Question

A student drops his textbook out of a window in a tall building. If it took 1.51 seconds for the book to hit the ground, how high above the ground is the window? What is the book' maximum speed during flight? At what time does this occur?

Answer 1

The window is at a height of 11.2 meters above the ground.

Explanation:

Ok, so let's see if I can do a better job explaining this.

Let's say that the window is alocated at a hight `h` above ground level. Since the student didn't throw the book from the window, which would imply that the book had an initial velocity, the book will free fall towards the ground.
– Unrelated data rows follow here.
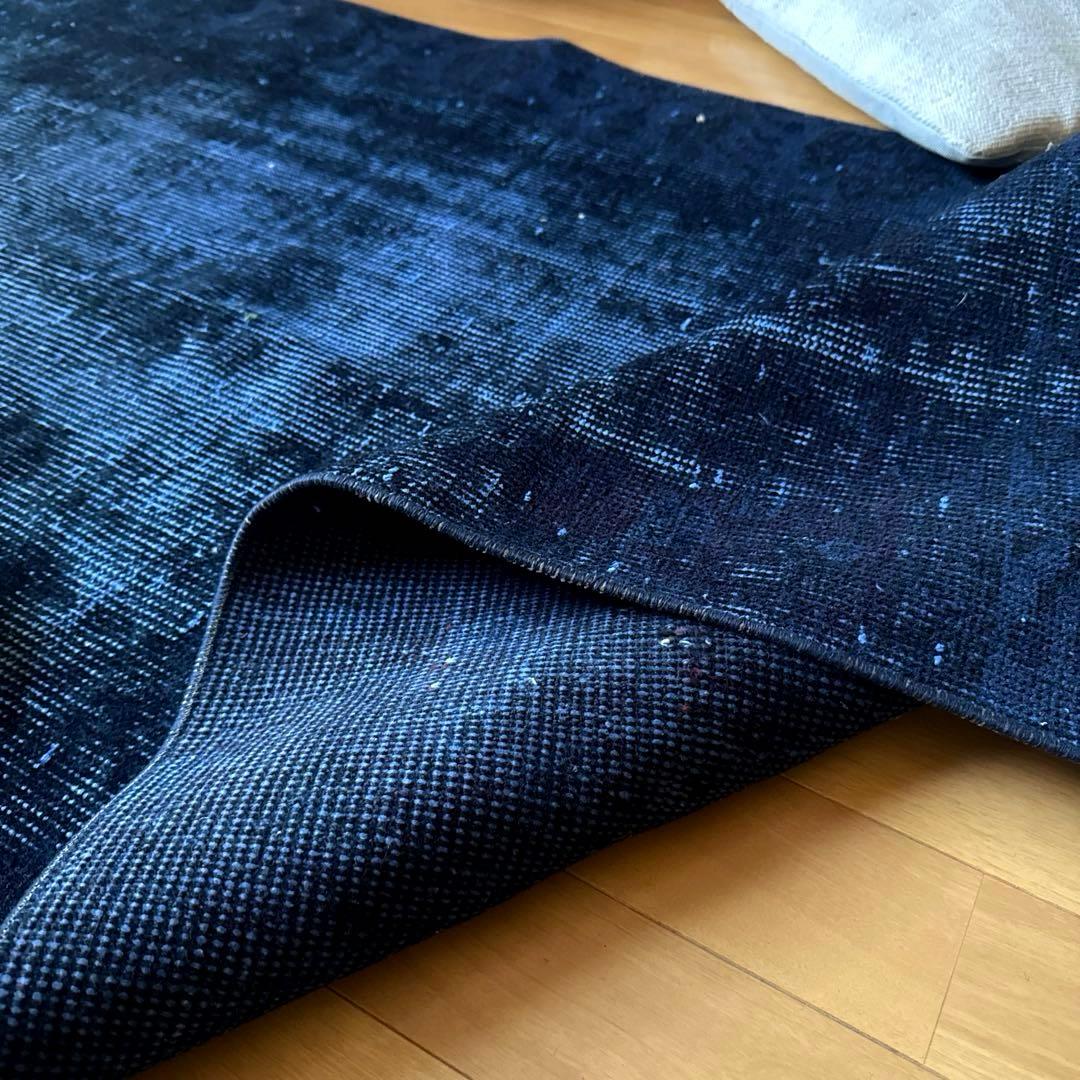 80.5×182 藍色オーバーダイ　ワンカラーラグ　トルコヴィンテージラグ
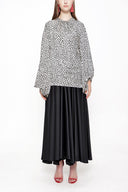 Spotted Blouse with pleated sleeves 19833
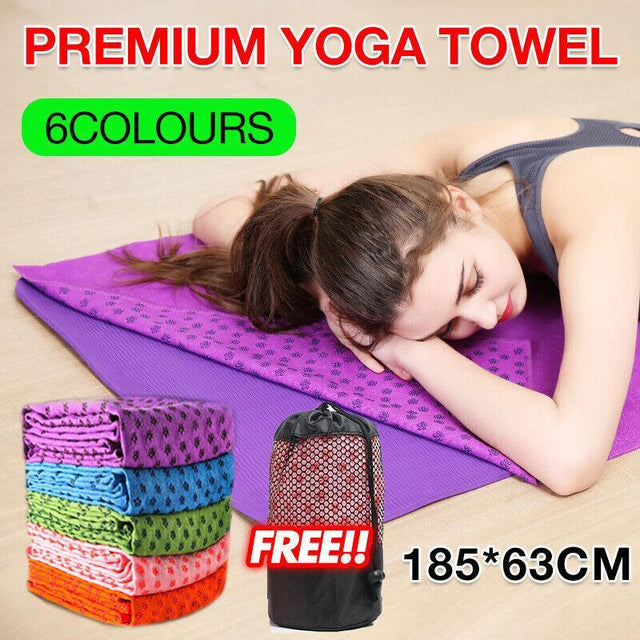 Non Slip Yoga Towel Mat Microfiber Fitness Gym Exercise Bag - Light Purple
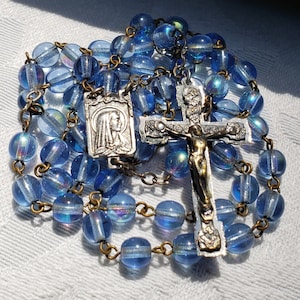 Vintage Blue Rosary, Glass Beads, Marian Devotion Protection, Catholic Prayer Beads, Religious Necklace, Round Blue Glass Rosaries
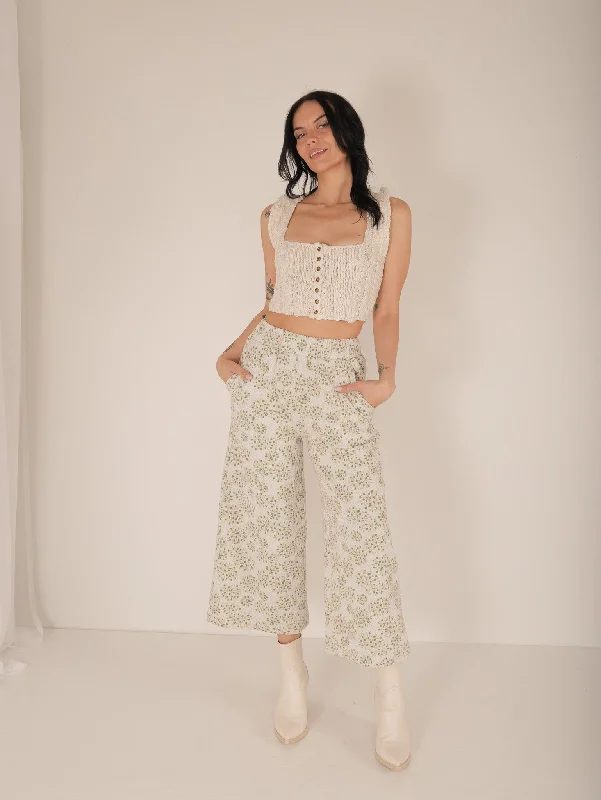 Vintage denim pants for timeless rugged style -Lyra Flower Jacquard Pants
During its flight, it will be accelerated by the gravitational acceleration, `g`. You know that it takes 1.51 seconds for the book to hit the ground.

This means that the distance `h` must have been

`h = underbrace(v_0)_(color(blue)(=0)) * t + 1/2 * g * t^2`

`h = 1/2 * 9.8"m"/color(red)(cancel(color(black)("s"^2))) * 1.51^2 color(red)(cancel(color(black)("s"^2))) = color(green)("11.2 m")`

Since the book keeps accelerating as it falls, it makes sense that it will have a maximum speed right before hitting the ground.

If `v` is the speed with which it hits the ground, and `h` is the distance it covered, then you can say that

`v^2 = underbrace(v_0^2)_(color(blue)(=0)) + 2 * g * h`

`v^2 = 2 * g * h implies v = sqrt(2 * g * h)`

`v = sqrt(2 * 9.8"m"/"s"^2 * "11.2 m") = color(green)("14.8 m/s")`

Alternatively, you can use the equation

`v = underbrace(v_0)_(color(blue)(=0)) + g * t`

which will produce the same value for `v`

`v = 9.8"m"/"s"^color(red)(cancel(color(black)(2))) * 1.51color(red)(cancel(color(black)("s"))) = "14.8 m/s"`

The book will have maximum velocity after 1.51 seconds of free falling, just before it impacts the ground.